--- WORK REQUEST ---
Without pictures, retype the following entries exactly.

········

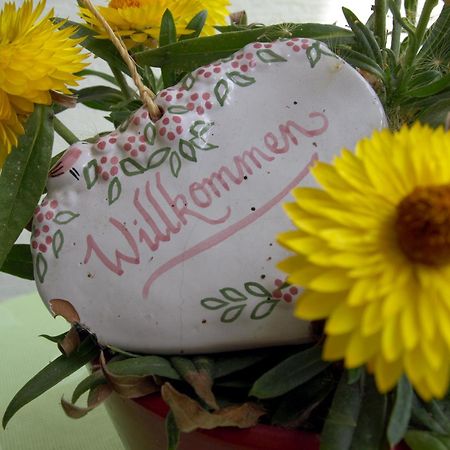 Winzerhof Michael Gartner Bed & Breakfast Illmitz Luaran gambar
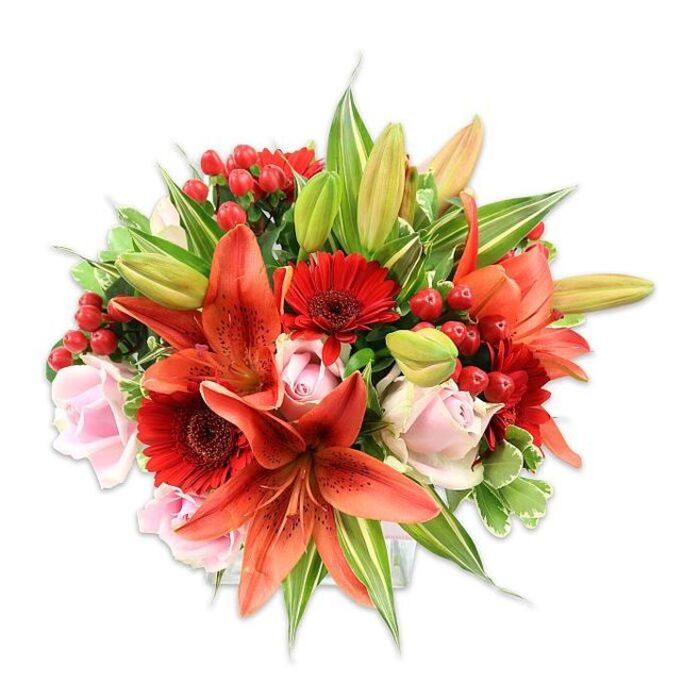 Framed against a bright white backdrop, this densely packed floral arrangement reads as both modern and timeless, a study in colour gradation and tactile contrast. Large, open Asiatic lilies in a vibrant orange-red dominate the view, their recurved petals and subtle speckling catching light and shadow while the dark-tipped stamens provide delicate structural detail. Around them, vivid crimson Gerbera daisies contribute graphic, sunburst shapes with darker central disks that sharpen the composition, and soft blush roses - from tight buds to gently unfolding blooms - temper the intensity with their satin-smooth petals and classic form. Small clusters of hypericum berries, glossy and deep red, are tucked into the foliage like bright beads, offering a festive texture and small points of visual rest. The greens are abundant and varied: broad solid leaves give a rich backdrop, narrow lily foliage adds linear rhythm, and a few variegated leaves with pale streaks introduce a lightness that lifts the palette. Carefully arranged to create a full, rounded silhouette, the bouquet displays meticulous layering so each bloom has breathing room while contributing to the overall sweep. Imagine stepping into the Horniman Gardens on a cool morning - the scent would be quietly floral with the lilies' warm spice and the roses' sweet depth - and that same sensibility of place informs this piece. Ideal for marking warm celebrations, brightening a dining table, or sent as a thoughtful gift delivered locally across Forest Hill and the surrounding SE23 streets, this bouquet celebrates fresh-cut abundance and considered floral design.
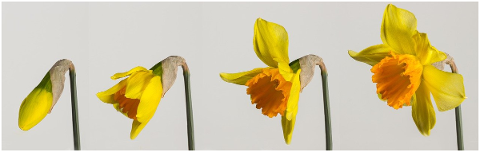 osterglocken-daffodils-spring-5003539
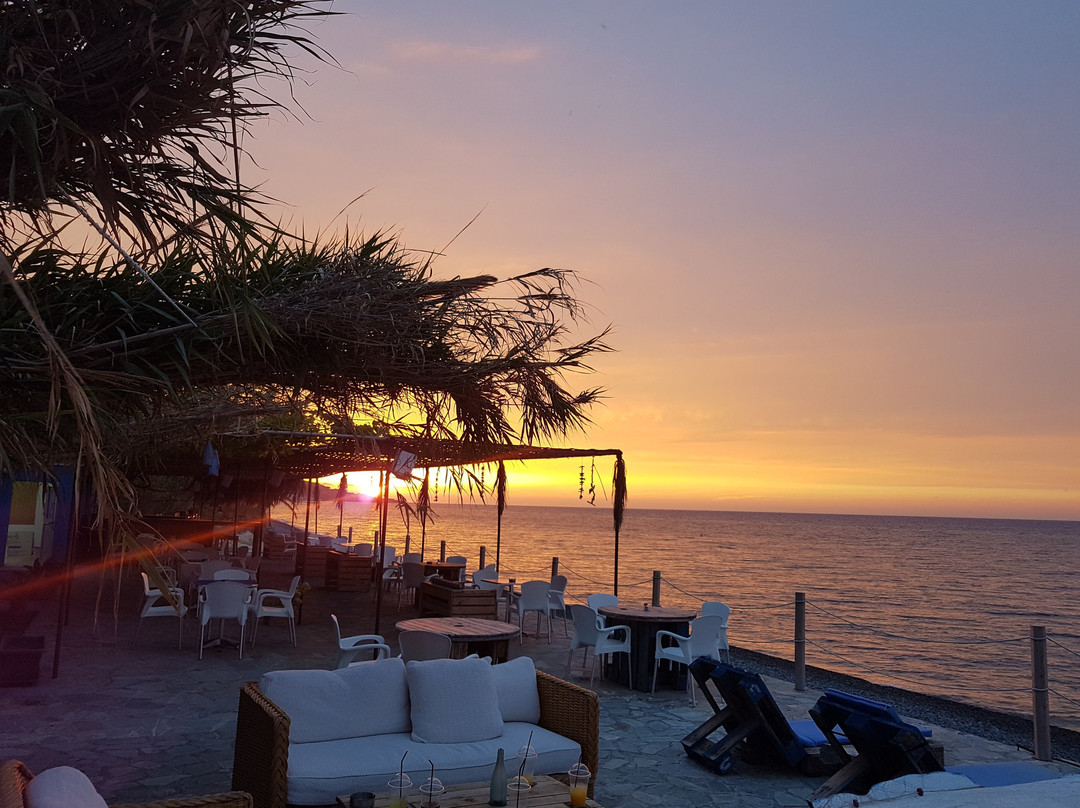 尼科西亚区餐馆和美食-Grape By The Sea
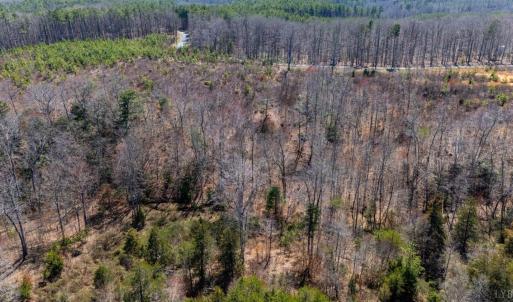 Photo #30 of Norwood Road, Gladstone, VA 26.8 acres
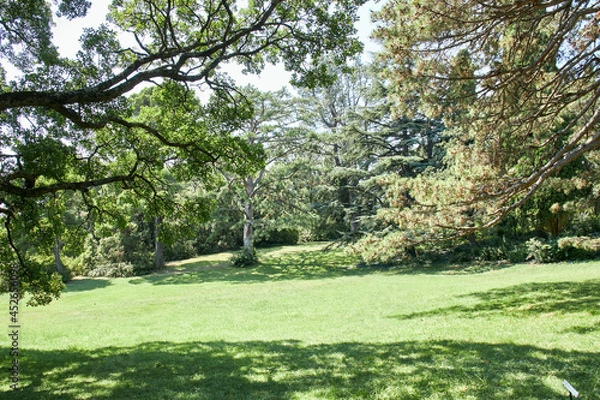 Fototapeta Алупка, парк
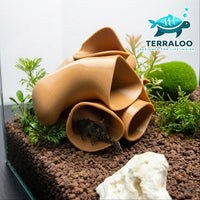 Pleco Hotel Aquarium Cave with pleco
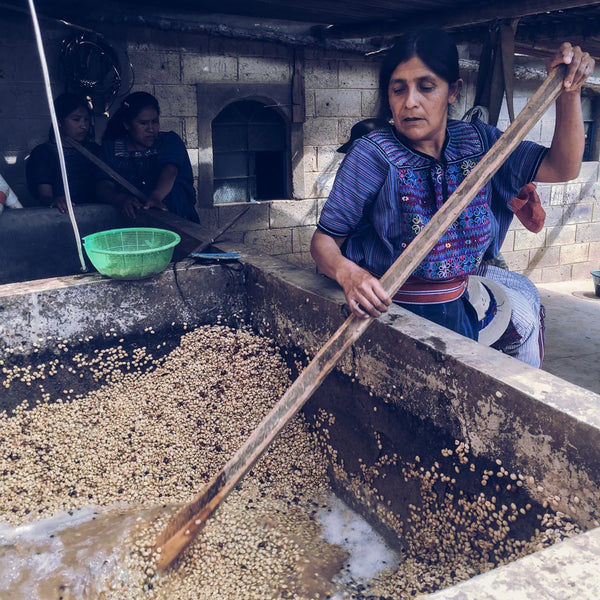 Guatemala Huehuetenango Cooperative Asodiett Txol Xaq Washed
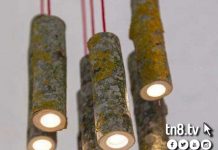 Joven de Estelí innova lamparas rústicas con troncos de árboles nicaragua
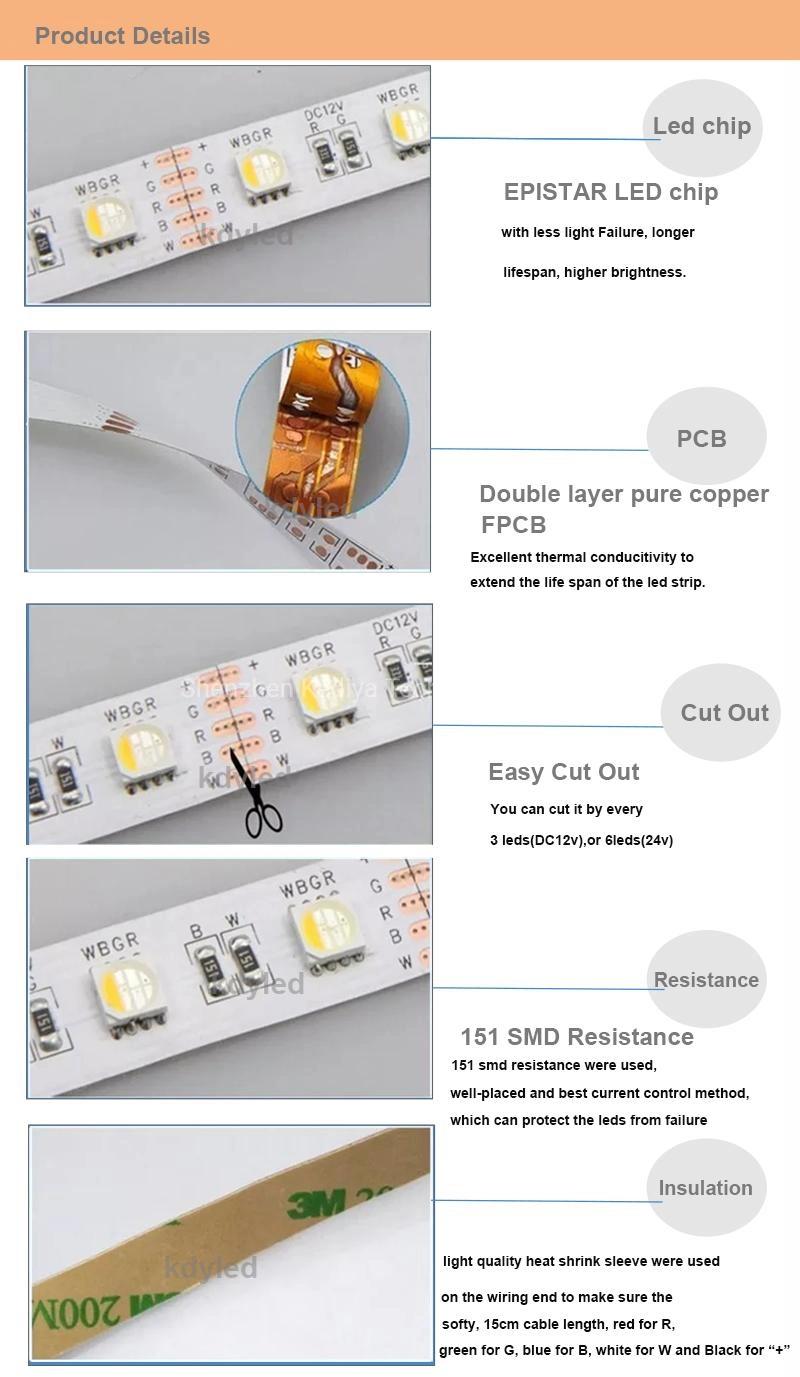 Waterproof IP65 4 Colors in 1 Chip 5050 RGBW Rgbww LED Strip Light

········

--- ANSWER BOX ---
 Winzerhof Michael Gartner Bed & Breakfast Illmitz Luaran gambar
 Framed against a bright white backdrop, this densely packed floral arrangement reads as both modern and timeless, a study in colour gradation and tactile contrast. Large, open Asiatic lilies in a vibrant orange-red dominate the view, their recurved petals and subtle speckling catching light and shadow while the dark-tipped stamens provide delicate structural detail. Around them, vivid crimson Gerbera daisies contribute graphic, sunburst shapes with darker central disks that sharpen the composition, and soft blush roses - from tight buds to gently unfolding blooms - temper the intensity with their satin-smooth petals and classic form. Small clusters of hypericum berries, glossy and deep red, are tucked into the foliage like bright beads, offering a festive texture and small points of visual rest. The greens are abundant and varied: broad solid leaves give a rich backdrop, narrow lily foliage adds linear rhythm, and a few variegated leaves with pale streaks introduce a lightness that lifts the palette. Carefully arranged to create a full, rounded silhouette, the bouquet displays meticulous layering so each bloom has breathing room while contributing to the overall sweep. Imagine stepping into the Horniman Gardens on a cool morning - the scent would be quietly floral with the lilies' warm spice and the roses' sweet depth - and that same sensibility of place informs this piece. Ideal for marking warm celebrations, brightening a dining table, or sent as a thoughtful gift delivered locally across Forest Hill and the surrounding SE23 streets, this bouquet celebrates fresh-cut abundance and considered floral design.
 osterglocken-daffodils-spring-5003539
 尼科西亚区餐馆和美食-Grape By The Sea
 Photo #30 of Norwood Road, Gladstone, VA 26.8 acres
 Fototapeta Алупка, парк
 Pleco Hotel Aquarium Cave with pleco
 Guatemala Huehuetenango Cooperative Asodiett Txol Xaq Washed
 Joven de Estelí innova lamparas rústicas con troncos de árboles nicaragua
 Waterproof IP65 4 Colors in 1 Chip 5050 RGBW Rgbww LED Strip Light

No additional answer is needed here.